Les temps ont bien changé. Dans mon enfance à l’eau bénite, la période précédant Pâques était une période austère où pendant quarante jours nous nous étions privés de bonbons, où nous vivions péniblement les derniers jours, où l’espoir du retour des cloches, parties, semble-t-il, à Rome, signifierait notre résurrection annuelle. Durant mon adolescence, je vivais moins péniblement cette période en tant que servant de messe, lors des multiples cérémonies de la Semaine sainte. C’est ainsi que le Samedi saint, comme on disait à l’époque (et comme on le dit probablement encore aujourd’hui !), cette soirée se passait en grande partie dans la quasi noirceur, avec pour seule lumière celle des bougies et des lampions à l’église, en attente de la lumière de Pâques à minuit.

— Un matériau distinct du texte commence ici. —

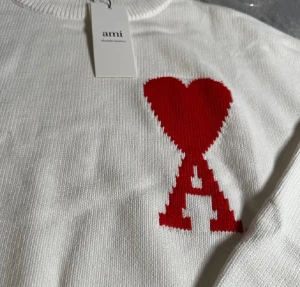 Vit stickad tröja från Ami - Vit stickad tröja från Ami med röd hjärtformad A-logga på bröstet. Tröjan har ribbad rund hals, muddar och nederkant. Materialet är mjuk bomull och passformen är normal. Perfekt för dig som gillar stilrena detaljer med en twist.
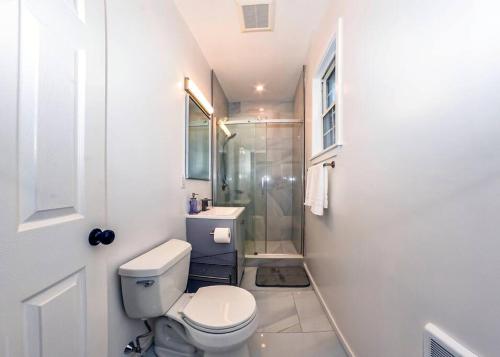 a white bathroom with a toilet and a shower at Boston Modern 7 Bedroom 2.5 Bath in Boston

Pour mon Samedi saint de 2012, c’est tout autrement que je l’ai vécu, pour mon plus grand bonheur. Avec ma conjointe, nous avions répondu à l’invitation de Michel Corbeil, vous vous rappelez ce marchand de bonheur dont je vous ai déjà parlé à plusieurs reprises et qui organise, avec une foi incroyable dans la musique et ses bienfaits, ses concerts chaleureux sous les chandelles. Habituellement, ces concerts ont lieu dans des églises. Cette fois ci, Samedi saint oblige, les églises n’étant pas disponibles, monsieur Corbeil avait choisi d’offrir son cadeau de Pâques au Centre culturel et communautaire de Sainte-Thérèse. Michel Corbeil a su recréer son ambiance habituelle avec ses multiples chandelles, ses très grandes photos, ses textes aux mots très choisis et livrés avec sa voix chaleureuse. Pour ce Samedi saint, il avait choisi de faire ressusciter pas moins de huit des plus grands compositeurs que l’Humanité ait pu nous donner. Pour leur redonner cette vie, il avait demandé à la très talentueuse pianiste, Alejandra Cifuentes Diaz de leur rendre l’hommage qu’ils se doivent de recevoir.

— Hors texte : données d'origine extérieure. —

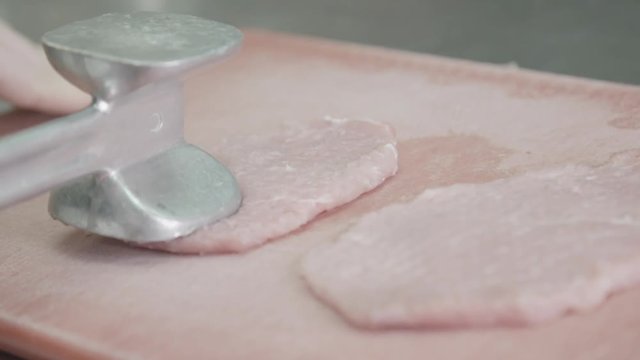 Close up, chef tenderizes raw pork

Alejandra, je vous en ai parlé récemment, puisqu’elle était de la programmation des Diffusions Amal’Gamme à la fin de février dernier. Je vous en ai dit tout le bonheur que nous apportent ses interprétations. Peu importe l’œuvre à interpréter, Alejandra y met tout son art pour être à la hauteur des attentes du compositeur. Ayant eu le privilège d’être aux premières loges, j’ai pu apprécier de voir de près le jeu de mains de cette pianiste aux doigts qui s’amusent follement sur le clavier, tantôt avec douceur, tantôt avec fougue, comme le commande l’œuvre.
Tour à tour, Mozart, Beethoven, Schubert, Schumann, Mendelssohn, Chopin, Brahms et Liszt sont venus nous saluer à travers les commentaires de Michel Corbeil et les interprétations d’Alejandra. Ils avaient revêtus leurs plus beaux habits pour la circonstance. Le public en était ravi. Pour nous remercier de notre présence et de notre accueil, notre pianiste nous a finalement offert le merveilleux « Clair de lune » de Debussy. Cela ne pouvait être plus de circonstance en ce soir de pleine lune. Notre résurrection annuelle était au rendez-vous grâce à la très grande thérapie qu’est la musique.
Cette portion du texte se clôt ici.